▶ **Exercise**
In the material below, find the line containing "El Descanso Del Talegones Holiday home *" and the line containing "Used 2024 Hyundai Elantra Blue FWD image 13". Output those two lines and all lines between them exactly, without pictures.

▶ **Dataset entries**
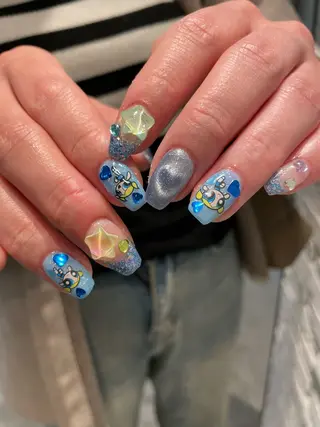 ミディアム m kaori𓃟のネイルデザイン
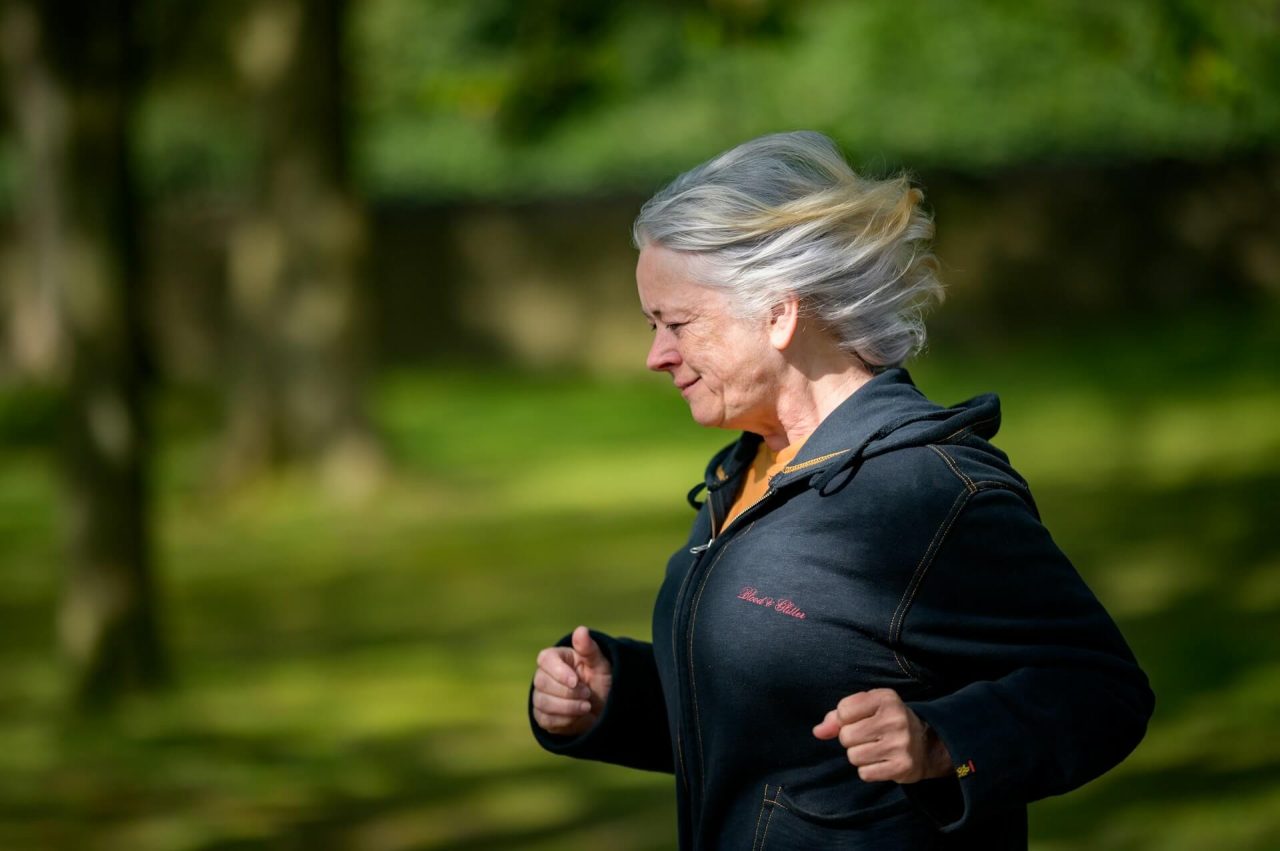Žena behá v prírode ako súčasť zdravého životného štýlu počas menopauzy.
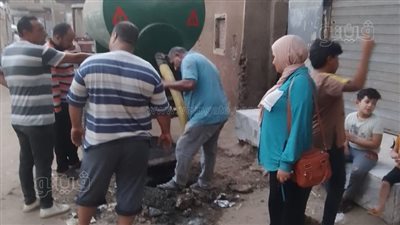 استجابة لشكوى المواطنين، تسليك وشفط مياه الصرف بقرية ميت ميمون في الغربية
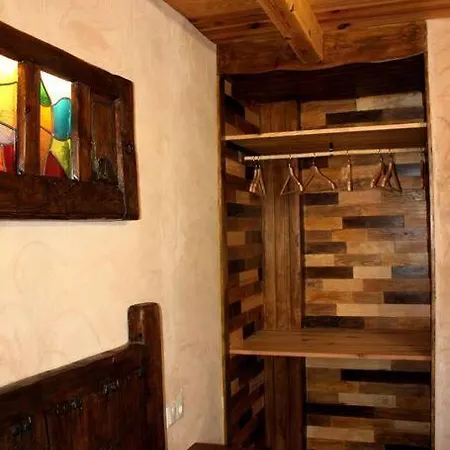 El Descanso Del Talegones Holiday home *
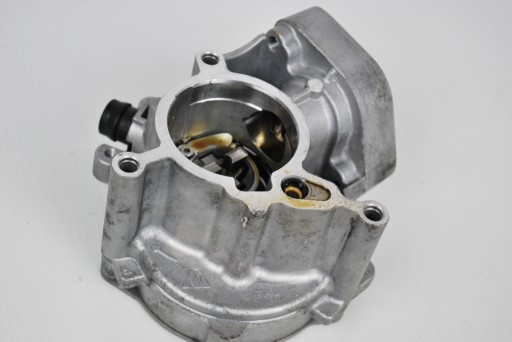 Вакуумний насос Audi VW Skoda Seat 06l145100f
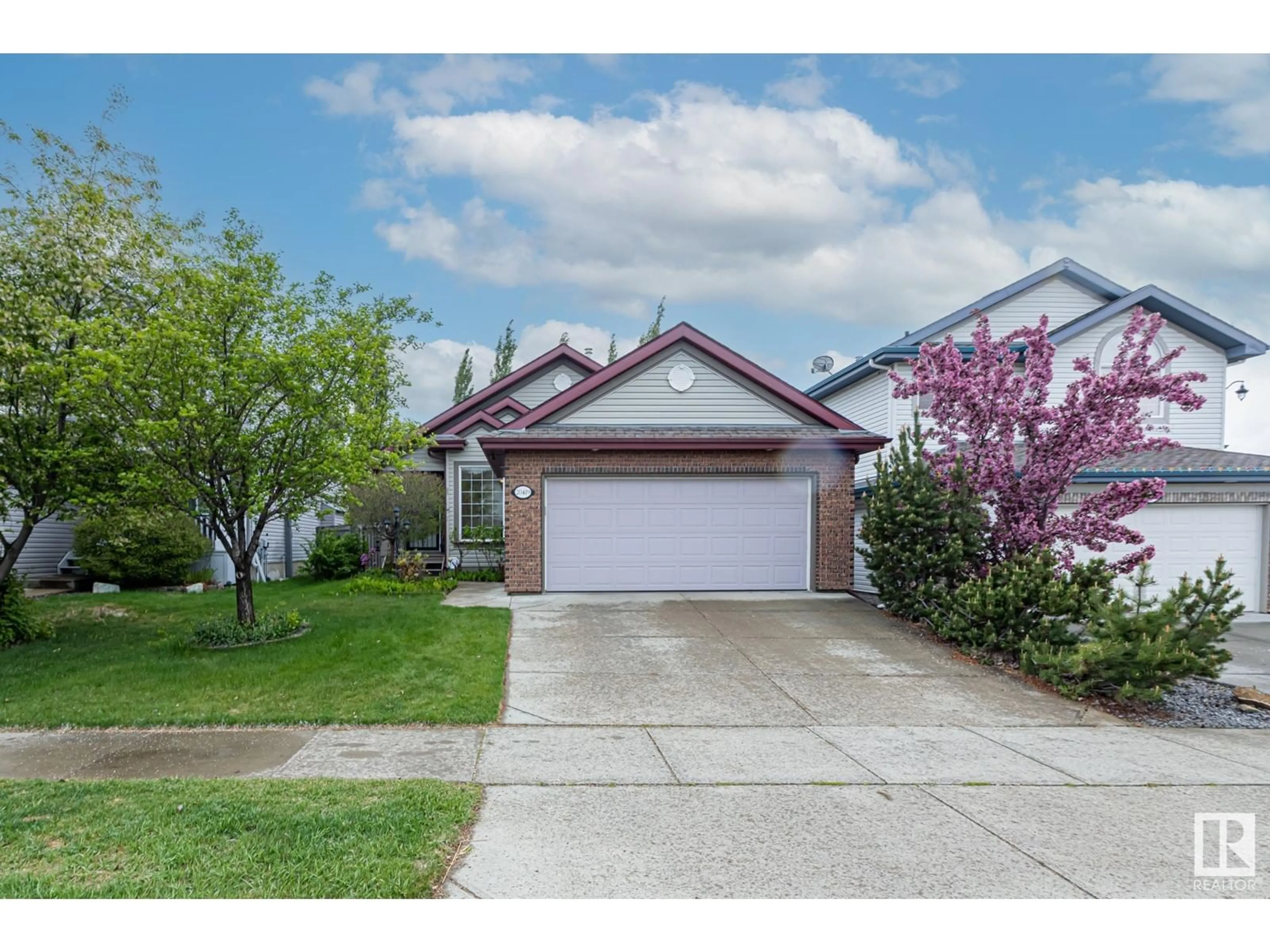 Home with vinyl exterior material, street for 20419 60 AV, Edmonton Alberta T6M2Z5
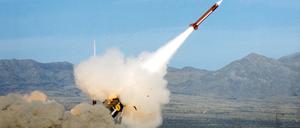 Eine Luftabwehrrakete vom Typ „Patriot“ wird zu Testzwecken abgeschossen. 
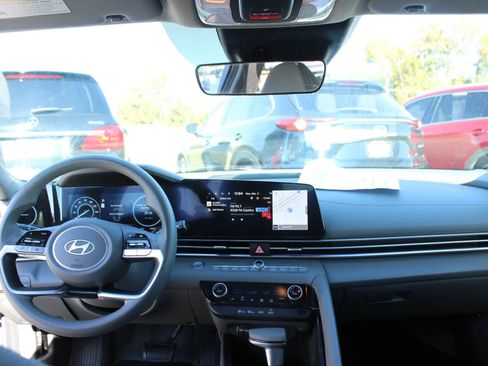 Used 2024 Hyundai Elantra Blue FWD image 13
---
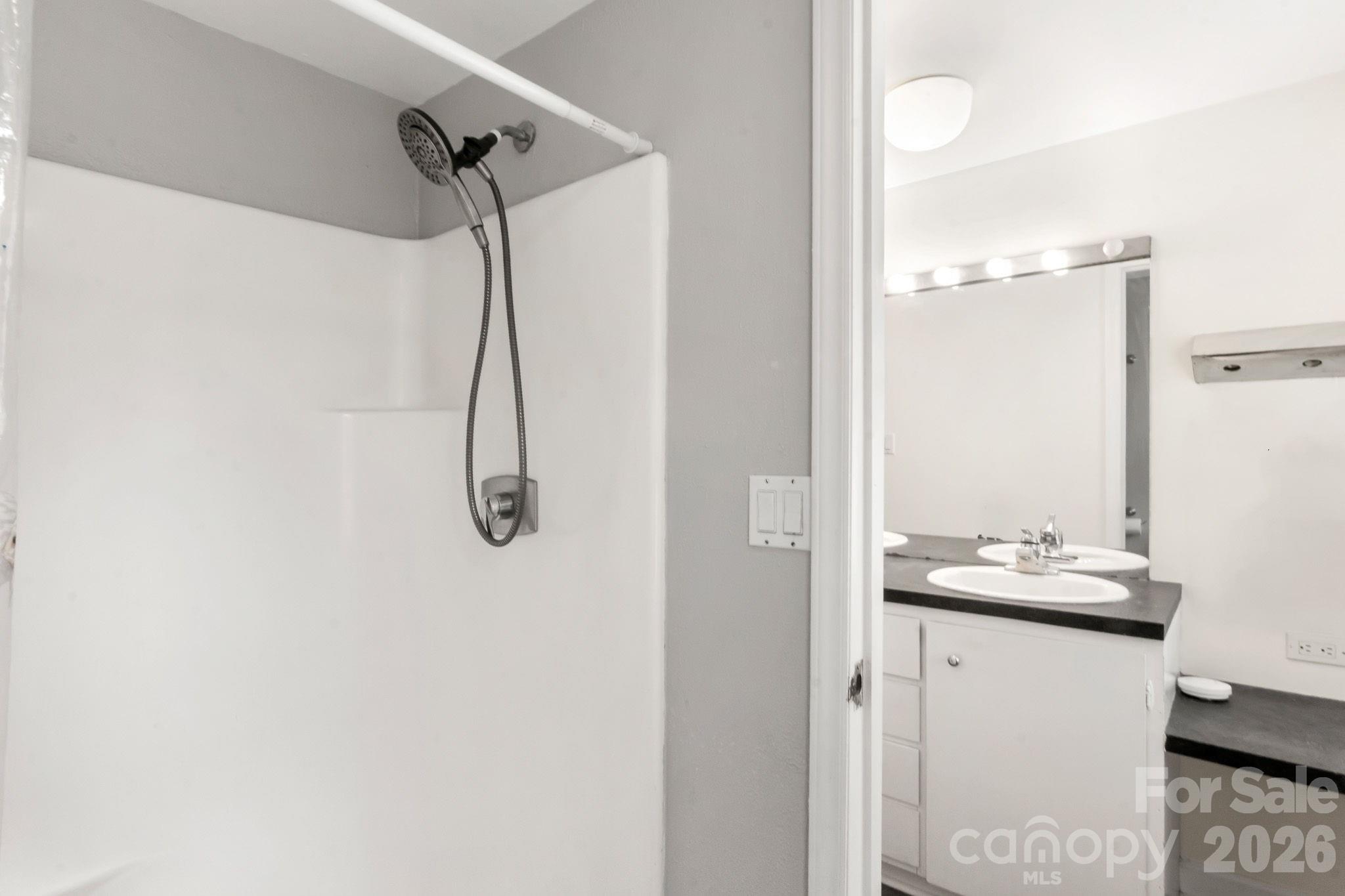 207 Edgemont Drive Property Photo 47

▶ **Exercise result**
 El Descanso Del Talegones Holiday home *
 Вакуумний насос Audi VW Skoda Seat 06l145100f
 Home with vinyl exterior material, street for 20419 60 AV, Edmonton Alberta T6M2Z5
 Eine Luftabwehrrakete vom Typ „Patriot“ wird zu Testzwecken abgeschossen. 
 Used 2024 Hyundai Elantra Blue FWD image 13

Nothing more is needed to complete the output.